第2回《ベートーヴェンの後にかけるもの》 シューベルト:交響曲第9番 D944『ザ・グレイト』
早めに退勤出来たので、駅とは反対方向高台の頂上へと散歩に出かけました。今日は天気も良く京浜工業地帯の海(房総半島まで)やコンテナ船、山手越しのベイブリッチも見えて、とても清々しい気分で練習が出来そうです。
さて、そんな気分の時に聴きたい曲は、シューベルトの傑作『ザ・グレート』です。この曲、実はシューベルトの死後約10年を経て後輩作曲家のRシューマンがスコアを発見し初演(演奏はメンデルスゾーン指揮ライプツィヒゲバントハウス管)にこぎつけたと言う、言ってみれば掘り出し物の作品でした。しかしその内容はシューベルトの交響曲創作における結論とも言うべき大作で、彼独自のロマンティクな叙情性と、憧れていたベートーヴェンの古典的で壮大な作風の両面の融合の上に成立しています。つまり、シューベルトの持ち味と音楽に対する理想といった双方が絶妙に調和した集大成の名曲なのです。

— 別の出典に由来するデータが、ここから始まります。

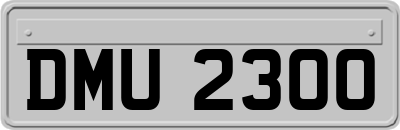 DMU2300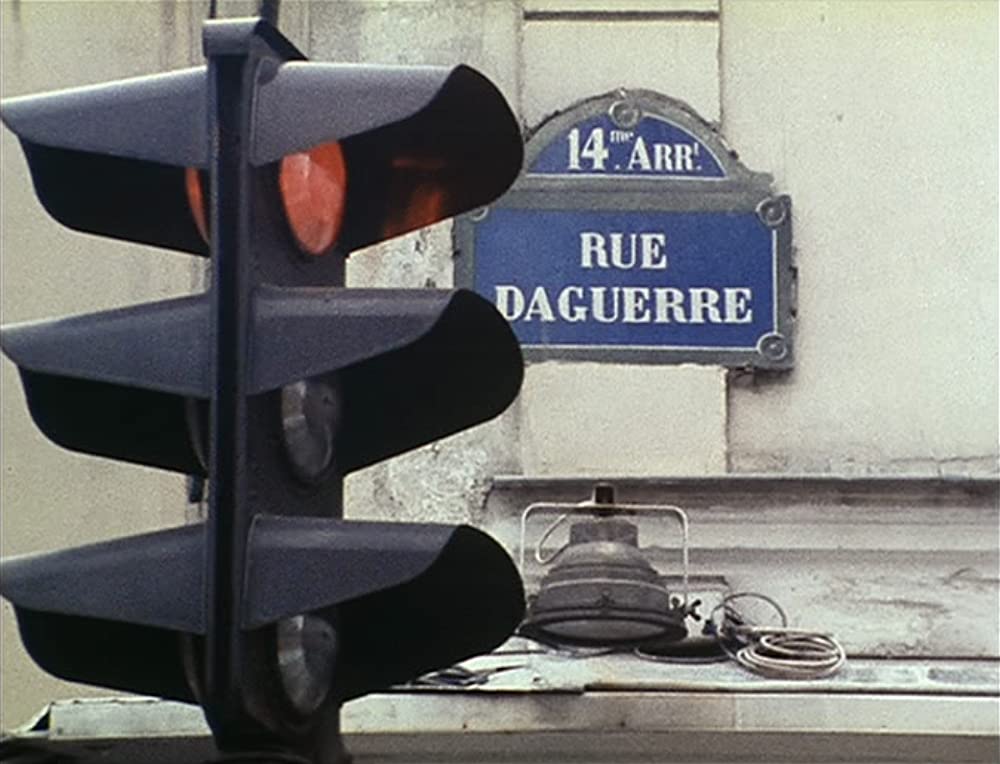 ダゲール街の人々の画像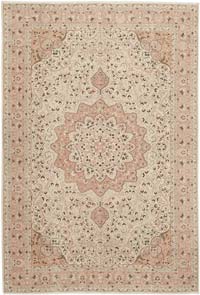 El Dokuma Vintage Halı - 210 cm x 313 cm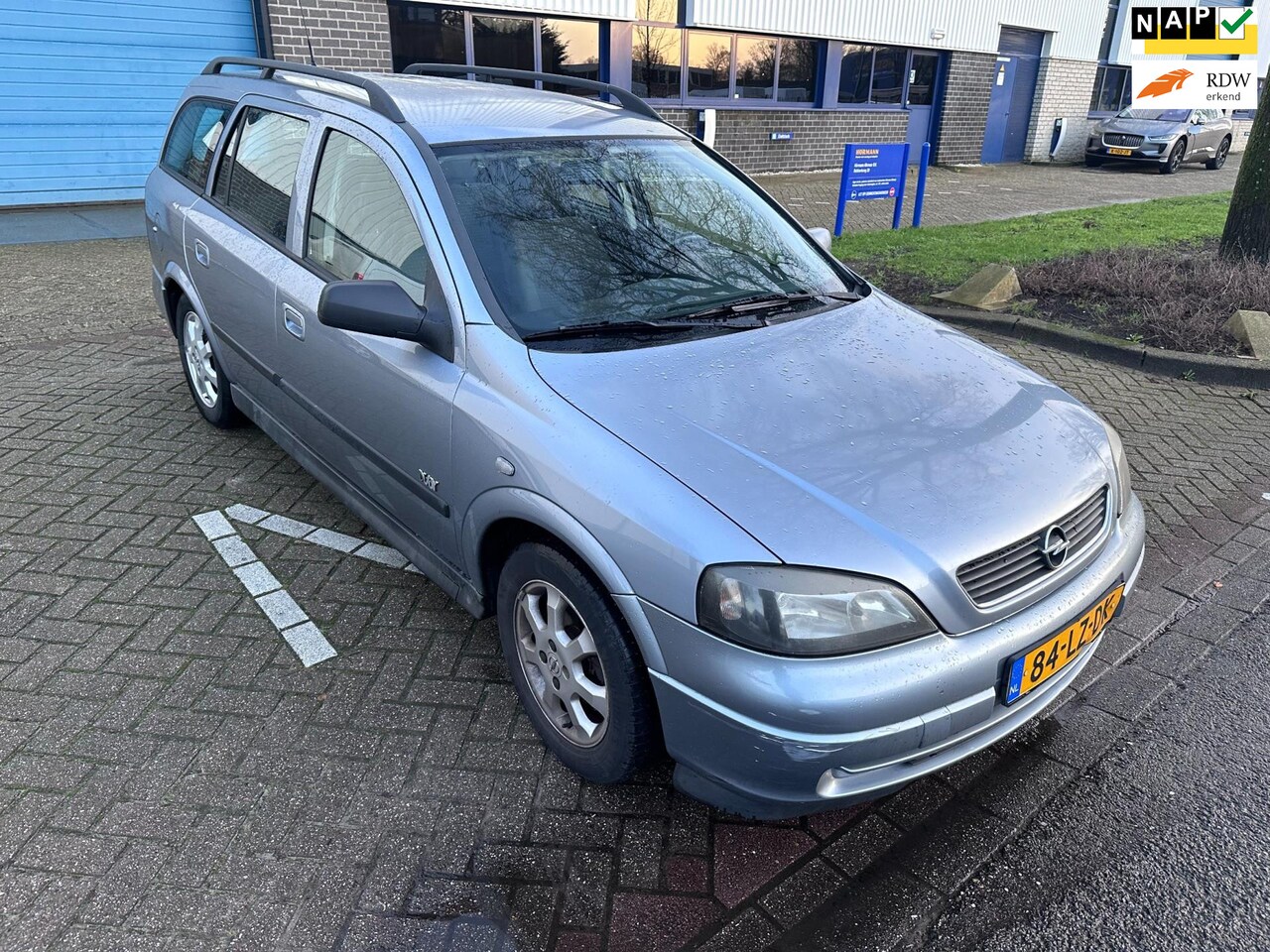 Opel Astra Wagon - 1.6-16V Njoy 1.6-16V Njoy - AutoWereld.nl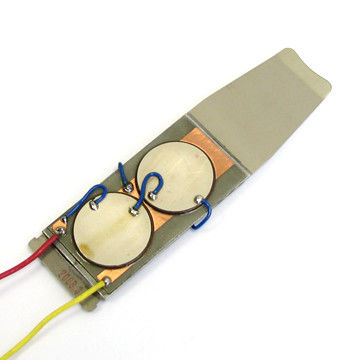 4 PCS Piezos Piezoelectric Effect Transducer For Ultrasonic Skin Scrubber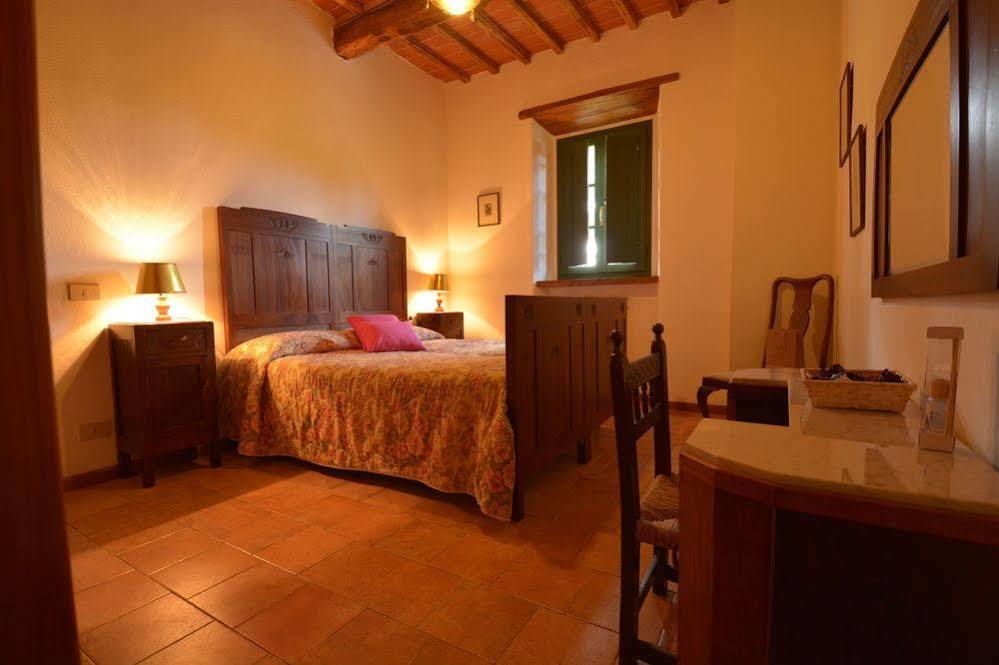 L'Antica Pala Villa Bucine Buitenkant foto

僕は小学生の頃からこの曲が好きで、清々しい冒頭のホルンが聴こえてから終楽章の駆け抜けるようなフィナーレまで、心を奪われ音楽に没頭していました。特に2楽章のヘ長調で奏でられる第2主題(暗い部屋に淡い光が差し込む様な場面)は、いつ聞いても魅了される美しさです。是非聴いてみてください←押し付け?笑
因みに、シューベルトが無くなる4年前の1824年、音楽界の大事件とも言われたベートーヴェンの第9交響曲の初演がウィーンで行われました。同じ街に居たシューベルトがこの初演を聞いたかどうか、史実としては分かっていません。しかし、『ザ・グレイト』の中に「これは絶対聞いただろ〜」と思わせるメロディーが出てきます。それは第4楽章!あの有名な喜びの歌の旋律の断片が突然現れます。是非探してみてください。
シューベルトは生前、「ベートーヴェンの後に何が書けるでしょうか?」と友人に弱音をはいていたそうです。いやいやいや、シューベルトの第9、ザ・グレイト!!